§ **WHAT THE EXERCISE ASKS**
Find the line that contains "Bill's Photo Animal", then repeat it and each line after it to the end of the records, exactly.

§ **THE DATA**
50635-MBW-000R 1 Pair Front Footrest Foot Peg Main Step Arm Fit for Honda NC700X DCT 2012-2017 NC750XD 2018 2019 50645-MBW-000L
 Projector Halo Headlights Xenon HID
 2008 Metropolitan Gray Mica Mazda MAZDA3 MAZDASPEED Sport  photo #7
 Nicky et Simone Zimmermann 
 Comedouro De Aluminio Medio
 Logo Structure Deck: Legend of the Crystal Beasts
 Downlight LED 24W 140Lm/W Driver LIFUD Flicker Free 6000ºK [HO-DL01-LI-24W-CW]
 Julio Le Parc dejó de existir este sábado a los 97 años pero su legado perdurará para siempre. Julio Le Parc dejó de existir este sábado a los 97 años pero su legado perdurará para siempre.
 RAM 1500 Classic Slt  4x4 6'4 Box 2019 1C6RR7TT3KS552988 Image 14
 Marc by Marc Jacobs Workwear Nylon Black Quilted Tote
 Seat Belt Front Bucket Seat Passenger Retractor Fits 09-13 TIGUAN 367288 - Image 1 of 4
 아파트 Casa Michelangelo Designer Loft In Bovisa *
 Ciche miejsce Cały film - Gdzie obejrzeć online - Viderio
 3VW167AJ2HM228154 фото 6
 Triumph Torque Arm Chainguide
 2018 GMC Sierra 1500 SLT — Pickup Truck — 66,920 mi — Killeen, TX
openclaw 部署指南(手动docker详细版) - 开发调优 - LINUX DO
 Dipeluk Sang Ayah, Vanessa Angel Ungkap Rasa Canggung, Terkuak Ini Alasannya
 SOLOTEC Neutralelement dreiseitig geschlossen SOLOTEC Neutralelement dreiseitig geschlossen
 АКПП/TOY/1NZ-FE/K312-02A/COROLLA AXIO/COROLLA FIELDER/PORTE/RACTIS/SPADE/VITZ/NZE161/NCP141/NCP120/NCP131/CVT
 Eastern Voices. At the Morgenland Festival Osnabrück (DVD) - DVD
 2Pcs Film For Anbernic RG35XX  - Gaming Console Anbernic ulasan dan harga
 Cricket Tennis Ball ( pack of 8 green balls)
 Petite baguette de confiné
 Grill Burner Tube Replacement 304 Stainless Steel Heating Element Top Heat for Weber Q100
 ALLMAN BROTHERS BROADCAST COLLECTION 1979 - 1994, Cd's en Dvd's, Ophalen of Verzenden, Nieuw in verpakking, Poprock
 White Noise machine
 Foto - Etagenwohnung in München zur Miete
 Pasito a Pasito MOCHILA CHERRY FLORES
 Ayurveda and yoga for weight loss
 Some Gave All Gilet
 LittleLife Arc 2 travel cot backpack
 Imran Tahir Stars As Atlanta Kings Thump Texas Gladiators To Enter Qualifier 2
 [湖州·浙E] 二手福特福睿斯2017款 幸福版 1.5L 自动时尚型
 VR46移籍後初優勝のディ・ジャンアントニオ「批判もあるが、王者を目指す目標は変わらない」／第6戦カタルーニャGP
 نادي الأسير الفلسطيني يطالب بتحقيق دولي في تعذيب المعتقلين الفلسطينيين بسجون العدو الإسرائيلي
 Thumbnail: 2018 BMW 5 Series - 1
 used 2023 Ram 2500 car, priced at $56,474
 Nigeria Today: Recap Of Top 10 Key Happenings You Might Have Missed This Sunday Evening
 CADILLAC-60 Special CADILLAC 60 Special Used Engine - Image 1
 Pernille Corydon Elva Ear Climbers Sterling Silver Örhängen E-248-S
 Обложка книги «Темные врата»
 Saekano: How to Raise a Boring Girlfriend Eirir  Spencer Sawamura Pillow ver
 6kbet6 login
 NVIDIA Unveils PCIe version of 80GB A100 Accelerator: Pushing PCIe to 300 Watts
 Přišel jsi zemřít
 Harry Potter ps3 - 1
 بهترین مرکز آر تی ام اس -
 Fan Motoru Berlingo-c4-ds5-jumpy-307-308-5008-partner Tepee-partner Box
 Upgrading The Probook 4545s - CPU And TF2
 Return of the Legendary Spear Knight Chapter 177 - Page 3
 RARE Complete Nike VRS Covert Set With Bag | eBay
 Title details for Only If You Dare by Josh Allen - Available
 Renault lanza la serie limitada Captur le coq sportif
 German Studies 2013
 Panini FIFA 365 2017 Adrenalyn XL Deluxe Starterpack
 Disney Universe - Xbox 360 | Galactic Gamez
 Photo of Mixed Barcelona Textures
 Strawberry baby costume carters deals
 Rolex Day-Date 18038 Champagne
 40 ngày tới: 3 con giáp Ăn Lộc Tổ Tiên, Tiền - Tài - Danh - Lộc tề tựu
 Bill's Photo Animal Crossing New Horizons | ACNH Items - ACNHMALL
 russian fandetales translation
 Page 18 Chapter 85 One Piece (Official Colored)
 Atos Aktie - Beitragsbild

§ **ANSWER BOX**
 Bill's Photo Animal Crossing New Horizons | ACNH Items - ACNHMALL
 russian fandetales translation
 Page 18 Chapter 85 One Piece (Official Colored)
 Atos Aktie - Beitragsbild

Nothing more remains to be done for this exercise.